We present the results of six experiments that demonstrate the impact of visual features of survey questions on the responses they elicit, the response process they initiate, or both. All six ...experiments were embedded in Web surveys. Experiments 1 and 2 investigate the effects of the placement of nonsubstantive response options (for example, "No opinion" and "Don't know" answer options) in relation to the substantive options. The results suggest that when these options are not differentiated visually (by a line or a space) from the substantive options, respondents may be misled about the midpoint of the scale; respondents seemed to use the visual rather than the conceptual midpoint of the scale as a reference point for responding. Experiment 3, which varied the spacing of the substantive options, showed a similar result. Responses were pushed in the direction of the visual midpoint when it fell to one side of the conceptual midpoint of the response scale.

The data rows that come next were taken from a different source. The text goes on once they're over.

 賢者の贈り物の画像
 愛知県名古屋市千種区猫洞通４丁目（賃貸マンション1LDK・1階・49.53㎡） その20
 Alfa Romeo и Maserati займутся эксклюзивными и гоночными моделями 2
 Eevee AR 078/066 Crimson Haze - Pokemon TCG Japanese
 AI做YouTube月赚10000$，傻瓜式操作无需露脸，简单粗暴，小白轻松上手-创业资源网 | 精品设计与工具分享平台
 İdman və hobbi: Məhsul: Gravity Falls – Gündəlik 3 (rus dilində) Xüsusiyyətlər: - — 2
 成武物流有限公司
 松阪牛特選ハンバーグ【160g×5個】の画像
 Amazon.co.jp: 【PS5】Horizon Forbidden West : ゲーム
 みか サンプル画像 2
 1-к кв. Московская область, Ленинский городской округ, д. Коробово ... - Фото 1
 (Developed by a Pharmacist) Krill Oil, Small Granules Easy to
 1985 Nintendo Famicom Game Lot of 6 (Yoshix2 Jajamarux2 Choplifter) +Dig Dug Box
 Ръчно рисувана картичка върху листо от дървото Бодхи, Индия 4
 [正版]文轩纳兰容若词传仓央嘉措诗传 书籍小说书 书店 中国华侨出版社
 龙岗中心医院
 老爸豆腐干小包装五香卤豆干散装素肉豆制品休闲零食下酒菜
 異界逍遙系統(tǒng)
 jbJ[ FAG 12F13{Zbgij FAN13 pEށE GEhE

Experiment 4 examined the effects of varying whether the response options, which were arrayed vertically, followed a logical progression from top to bottom. Respondents answered more quickly when the options followed a logical order. Experiment 5 examined the effects of the placement of an unfamiliar item among a series of similar items. For example, one set of items asked respondents to say whether several makes and models of cars were expensive or not. The answers for the unfamiliar items depended on the items that were nearby on the list. Our last experiment varied whether a battery of related items was administered on a single screen, across two screens, or with each item on its own screen. The intercorrelations among the items were highest when they were all on the same screen. Respondents seem to apply interpretive heuristics in assigning meaning to visual cues in questionnaires. They see the visual midpoint of a scale as representing the typical or middle response; they expect options to be arrayed in a progression beginning with the leftmost or topmost item; and they expect items that are physically close to be related to each other conceptually.